A standby is configured without a replication slot, wal_keep_size = 1GB. The primary generates 500 MB/hour of WAL. The standby goes down for 3 hours. What happens on reconnect?
Hot Standby: Reads from the Replica
**Hot standby lets the standby server serve SELECT queries.** `hot_standby = on` (default in modern versions). The standby applies WAL while simultaneously serving read-only queries. This offloads the primary by routing analytical and reporting queries to the replica.
**Routing queries between primary and standby** is the job of the application layer or pgPool-II / HAProxy. A popular pattern: writes go to the primary, reads go to the standby. GitLab routes heavy reports to a dedicated read replica, removing 40 percent of load from the primary.
An application runs INSERT on the primary, then immediately SELECT on the hot standby. The SELECT might not find the just-inserted row. Why?

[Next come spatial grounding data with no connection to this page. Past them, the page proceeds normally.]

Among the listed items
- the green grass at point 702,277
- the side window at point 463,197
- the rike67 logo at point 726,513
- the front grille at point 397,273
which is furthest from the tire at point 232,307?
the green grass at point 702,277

Synchronous Replication: Zero RPO
**Synchronous replication:** the primary confirms a transaction to the client only after the standby has written WAL to disk. RPO = 0: even if the primary fails immediately, the standby has every change. The cost: transaction latency increases by the round-trip to the standby (typically 1 to 10 ms over a LAN).
| synchronous_commit | Guarantee | Latency |
|---|---|---|
| off | None. Loss of recent transactions possible. | Minimal |
| local (default) | WAL on primary disk | Normal |
| remote_write | WAL in standby memory | +RTT/2 |
| on | WAL on standby disk | +RTT |
| remote_apply | Change applied on standby | +RTT + apply time |
**If the synchronous standby is unavailable, the primary stalls.** Every COMMIT waits. Configure `ANY 1 (standby1, standby2)` for resilience, or monitor standby availability and switch to asynchronous mode automatically.
Streaming replication protects against data loss in any primary failure
Asynchronous replication can lose the last few transactions (RPO > 0). Only synchronous_commit = 'on' gives RPO = 0, at the cost of higher latency.
Under async replication, the primary confirms COMMIT to the client before shipping WAL to the standby. If the primary dies between COMMIT and shipping, those transactions are lost. Typical lag of 1 to 100 ms equals a potential window of data loss. Most production systems accept this trade-off for performance.
synchronous_standby_names = 'standby1'. Standby1 goes down. What happens to INSERT on the primary?
Key Ideas
- **WAL streaming**: the primary ships WAL via a WAL sender, the standby applies it via the startup process. Lag is typically 1 to 100 ms.
- **pg_basebackup** creates the initial copy without blocking the primary. It is the only official way to initialize a standby.
- **standby.signal** plus primary_conninfo in postgresql.auto.conf trigger continuous recovery. recovery.conf is obsolete since PostgreSQL 12.
- **Hot standby** (hot_standby=on) allows SELECT on the standby for read scaling without extra components.
- **Synchronous replication** (synchronous_standby_names) gives RPO=0 at the cost of +RTT latency. If a sync standby fails, the primary stalls.
Related Topics
Streaming replication underpins several advanced PostgreSQL features:
- WAL: Write-Ahead Log — Streaming replication transports the WAL stream. Understanding WAL is critical for diagnosing replication.
- High Availability (HA) — Patroni / repmgr use streaming replication as transport and automate failover when the primary fails.
- Logical Replication — Logical replication runs on top of WAL but replicates only selected tables and supports cross-version replication.
Вопросы для размышления
- The primary generates 2 GB/hour of WAL, wal_keep_size = 1 GB. The standby runs nightly analytical queries lasting 2 hours. What happens to replication? Two ways to fix it?
- A team uses synchronous replication for financial transactions. The standby lives in another datacenter 50 ms away. How much will sync replication slow every transaction down? Is it worth it?
- After failover to the standby, the old primary comes back. How can it be safely turned into the new standby without losing data?